Clone Investment Firm & Impersonation Fraud
1. Introduction
The utilisation of online platforms by the financial services industry has significantly transformed the global financial landscape. While these platforms have led to efficiencies in communication between individual investors and investment managers, they have also increased exposure to cyber threats and financial fraud. A well-established example of malicious activity, clone investment firm and impersonation fraud, are receiving fresh attention as fraudsters are capitalising on increased interest in digital assets, such as cryptocurrencies, which have limited to no recourse for the recovery of stolen assets. Clone investment firm and impersonation fraud pose financial and reputational risk to institutional investors and alternative investment managers.

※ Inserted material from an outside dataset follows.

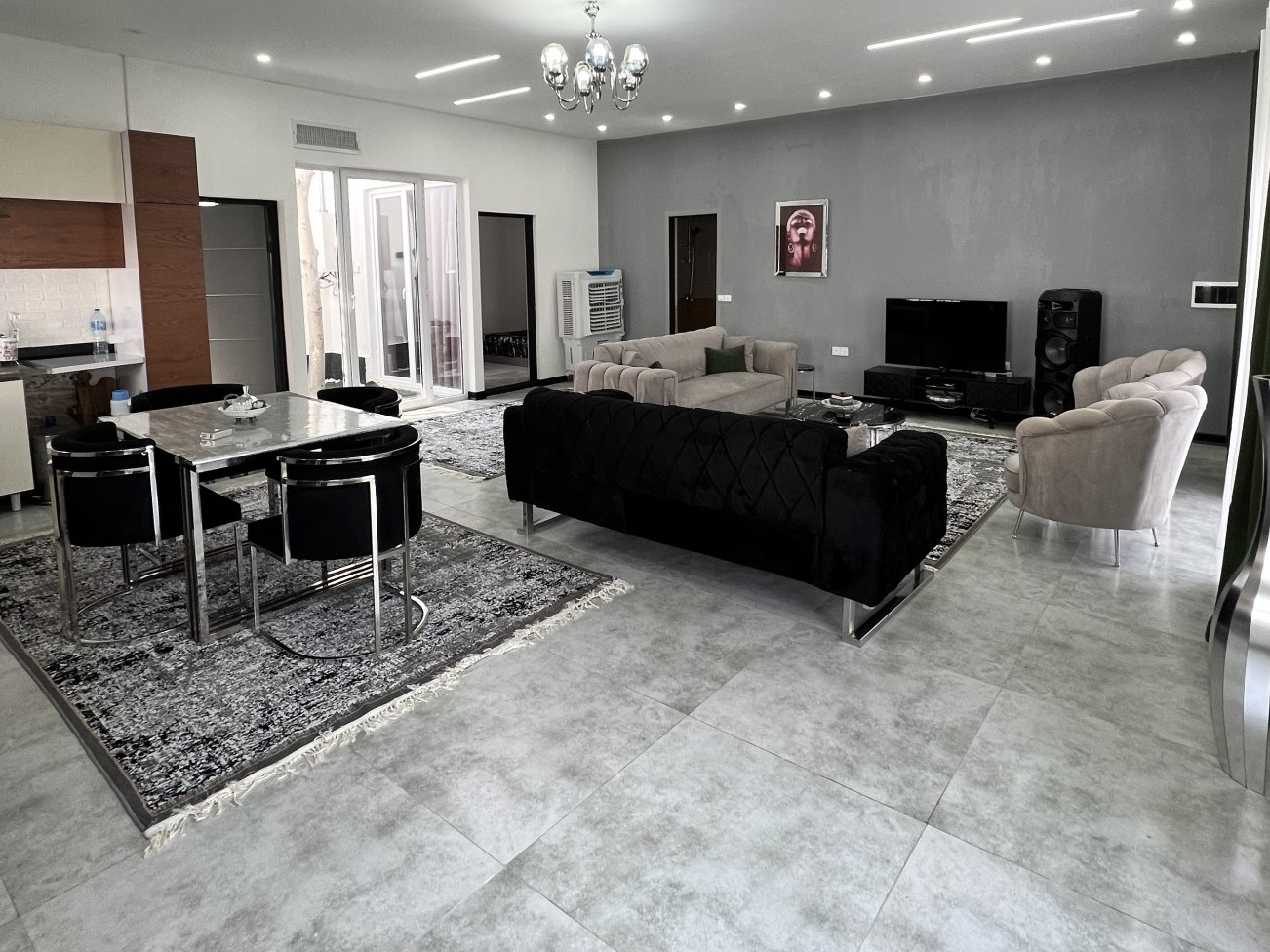 اتاق پذیرایی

2. How institutional investors can be affected
While the threat of clone investment firms and impersonation fraud primarily pertains to retail investors, institutional investors may also be targeted in more sophisticated ways by attempts to intercede in cash transfer and handling procedures. The rise of artificial intelligence, “deep fake” impersonation, and social engineering add further complexity for investors in determining what is and is not legitimate. The SBAI have published guidance on best practices to be followed in relation to cash handling which can be accessed below.

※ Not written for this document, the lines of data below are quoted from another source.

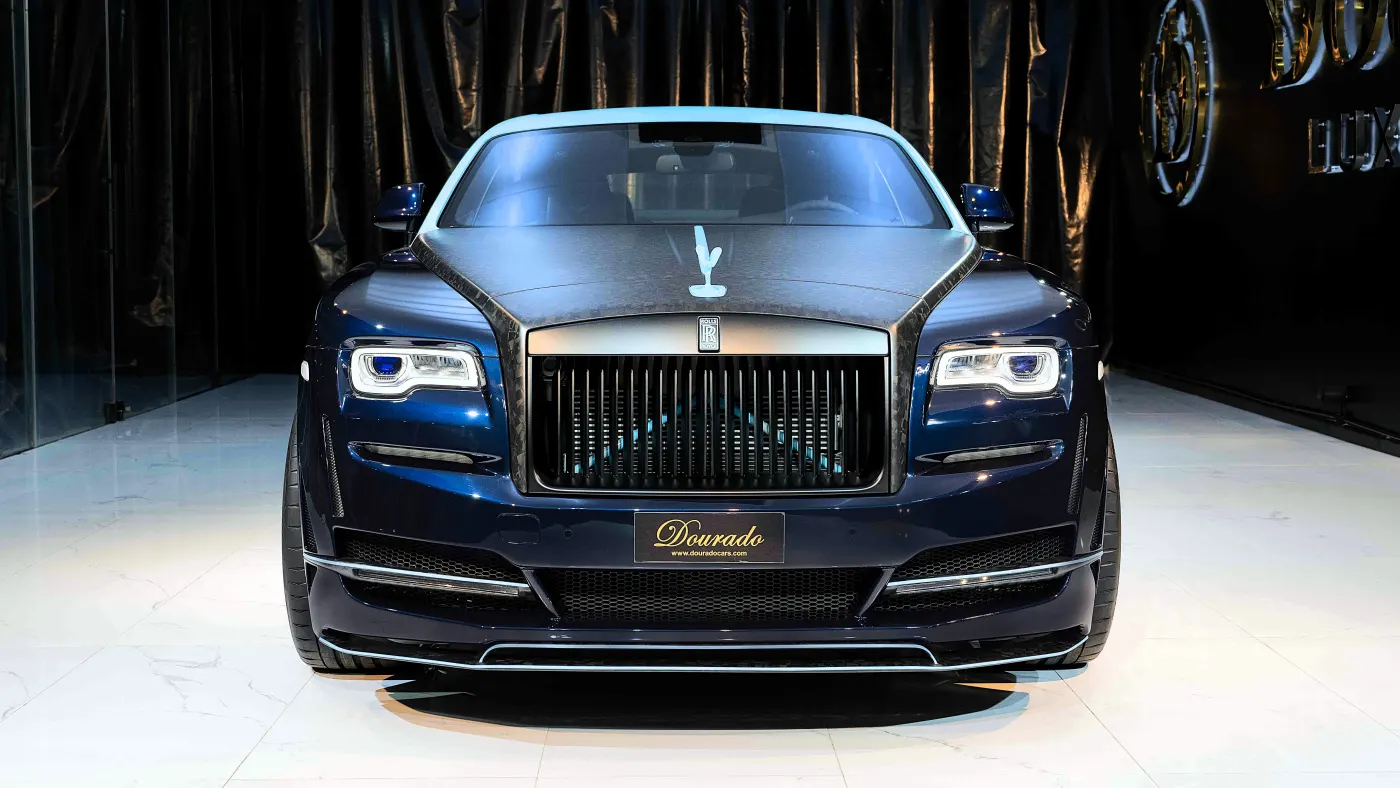 Find Rolls-Royce Wraith by Onyx Concept 1 of 1 in UAE luxury collection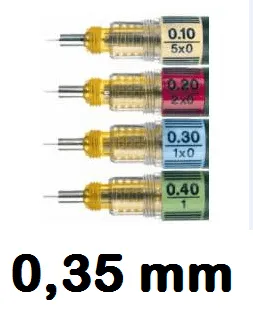 Recambio Puntera FABER Castell 0,35 Mm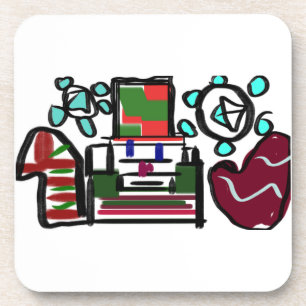 Nutcracker Getränkeuntersetzer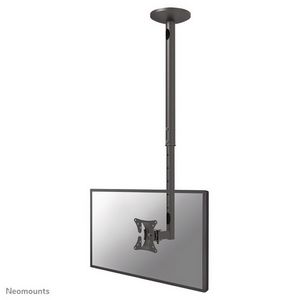 Neomounts FPMA-C050BLACK Monitor/TV mount ceiling 10-30" - h 60-85 cm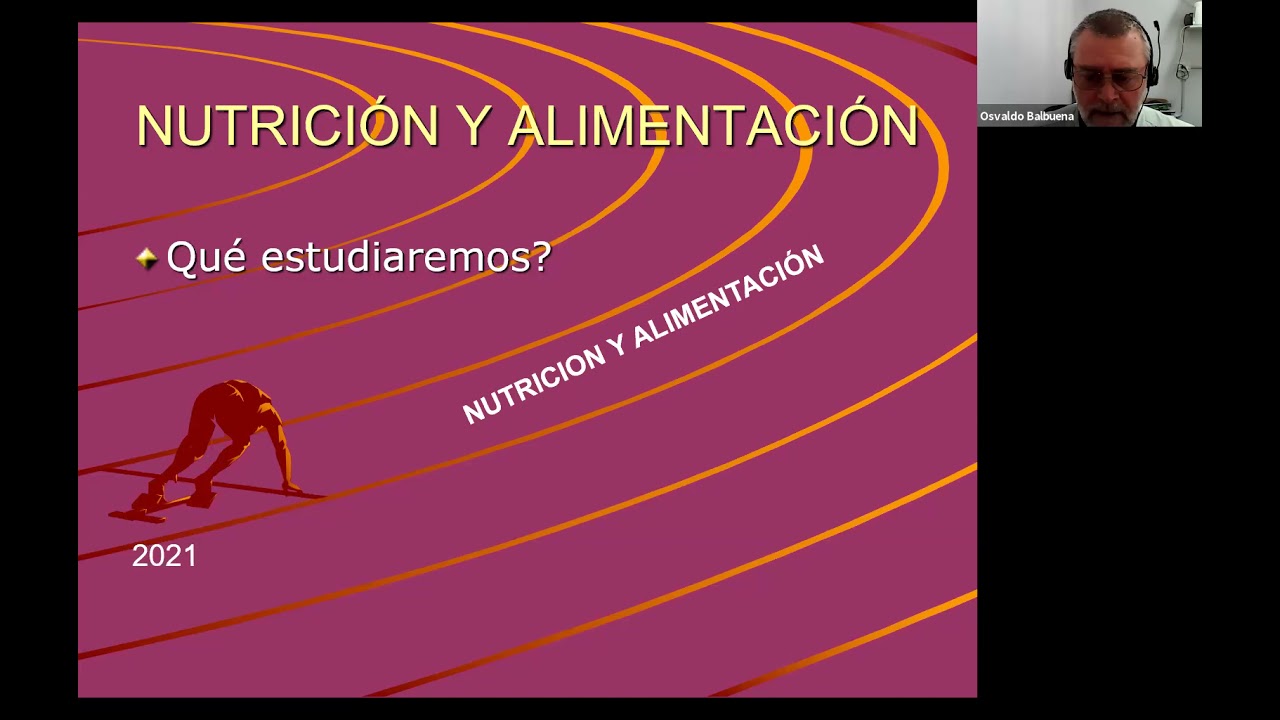 Clase 1 (03/08/2021). Presentación y Condiciones de Cursado de la Asignatura.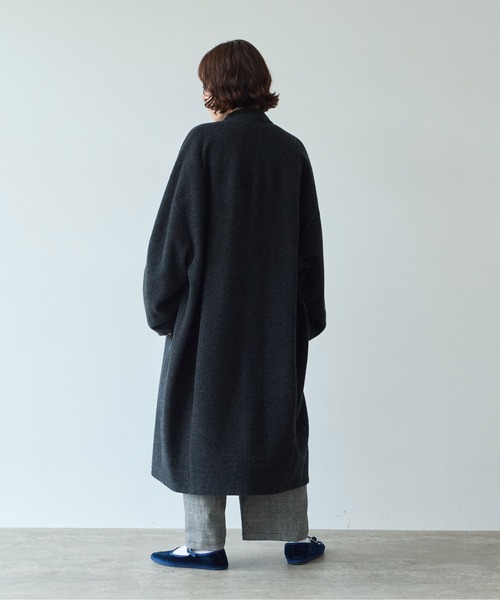 セール】コットンウールカシミアボア コクーンコート（その他アウター
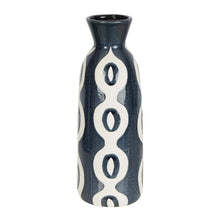 Load image into Gallery viewer, Indie Ceramic Blue Vase - Large
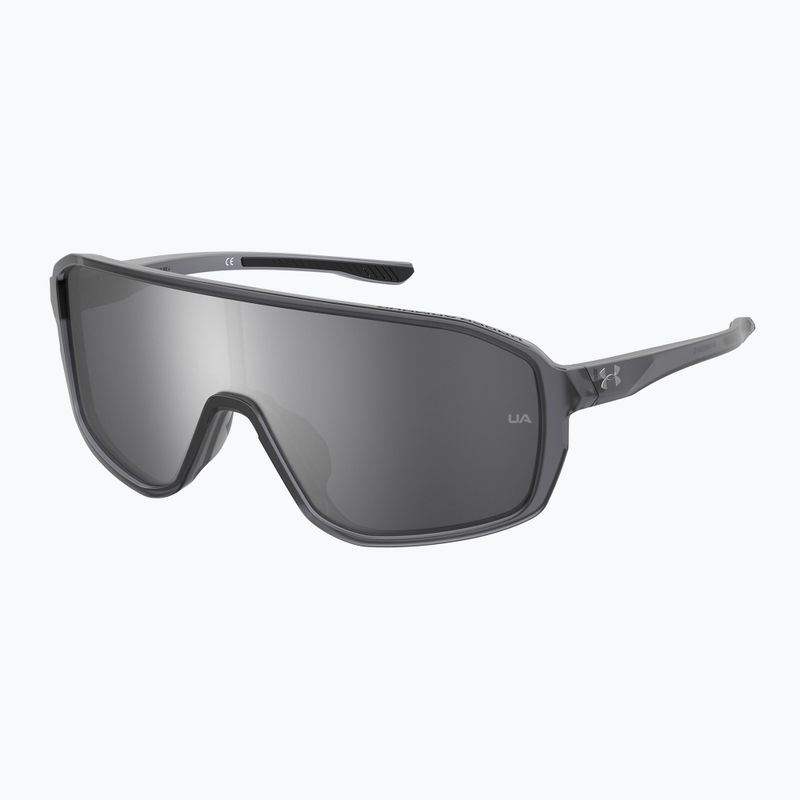 Мъжки слънчеви очила Under Armour Gameday/G S3 crystal grey/silver oleophobic 2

3. How alternative investment managers can be affected
The threat to alternative investment managers is primarily reputational damage to the firm’s brand and even individuals. Sophisticated clones or impersonations which utilise the likeness of high-profile industry persons can linger in a digital format for extended periods unless direct action is taken to remove such materials. Examples of this new risk include using the likeness of well-known industry persons through ‘deep-fake’ impersonation to promote crypto scams and frauds. This is in addition to traditional frauds whereby legitimate firms have their likeness impersonated via websites and email communication to mislead investors.
4. What should investors and investment managers do to protect themselves?
Investors should exercise caution when dealing with new or unusual communication mechanisms especially when this involves transfer of monies and confirm with the manager when there is any doubt or concern. Perform adequate and effective due diligence of new managers and continue to do so via ongoing monitoring. Report any concerns to the regulatory authorities.
Managers should continue to invest in cyber security training and infrastructure protections to reduce the risk of data loss and impersonation. Managers should purchase relevant website domain names to protect their brand and perform regular screenings to ensure that no fraudulent marketing attempts are being perpetrated.